On November 19, 2019, the IRS announced changes to the current FBAR filing verification submission process. The change is technical, but not without importance.

New FBAR Filing Verification Submission Process: FBAR Background Information

FBAR is a common name for FinCEN Form 114 (formerly known as TD F 90-22.1), Report of Foreign Bank and Financial Accounts. US Persons must use this form to report their ownership of or signatory authority or any other authority over foreign bank and financial accounts as long as these accounts’ aggregate balance exceeds the FBAR filing threshold. Despite its official name, the IRS has administered the form since 2001, not FinCEN.

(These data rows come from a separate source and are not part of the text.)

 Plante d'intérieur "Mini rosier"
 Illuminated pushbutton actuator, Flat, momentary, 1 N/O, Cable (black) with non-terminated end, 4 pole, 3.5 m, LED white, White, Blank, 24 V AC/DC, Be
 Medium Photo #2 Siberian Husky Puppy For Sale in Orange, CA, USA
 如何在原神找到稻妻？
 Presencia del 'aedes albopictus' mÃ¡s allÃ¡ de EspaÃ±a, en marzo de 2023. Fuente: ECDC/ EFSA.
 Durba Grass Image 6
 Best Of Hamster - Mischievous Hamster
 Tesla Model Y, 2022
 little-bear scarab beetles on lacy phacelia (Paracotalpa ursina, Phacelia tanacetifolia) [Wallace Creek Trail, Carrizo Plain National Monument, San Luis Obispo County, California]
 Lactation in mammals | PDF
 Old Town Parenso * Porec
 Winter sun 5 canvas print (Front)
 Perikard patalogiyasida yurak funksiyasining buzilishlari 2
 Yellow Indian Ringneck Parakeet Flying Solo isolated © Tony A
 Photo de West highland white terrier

FBAR is one of the most important US international information returns. FBAR noncompliance may lead to the imposition of severe civil and criminal penalties. Hence, it is of absolute importance for US persons to timely and properly file this form.

New FBAR Filing Verification Submission Process: Rules Prior to November 19 2019

Prior to November 19, 2019, US persons who wanted to verify whether their FBARs were filed could obtain the relevant information for up to five FBARs by simply calling 1-866-270-0733 (the IRS FBAR Hotline) and selecting option 1. IRM 4.26.16.4.13(4). In this case, the IRS representatives would provide the verbal verification for free. The filers could make this request sixty days after the date of filing. Id.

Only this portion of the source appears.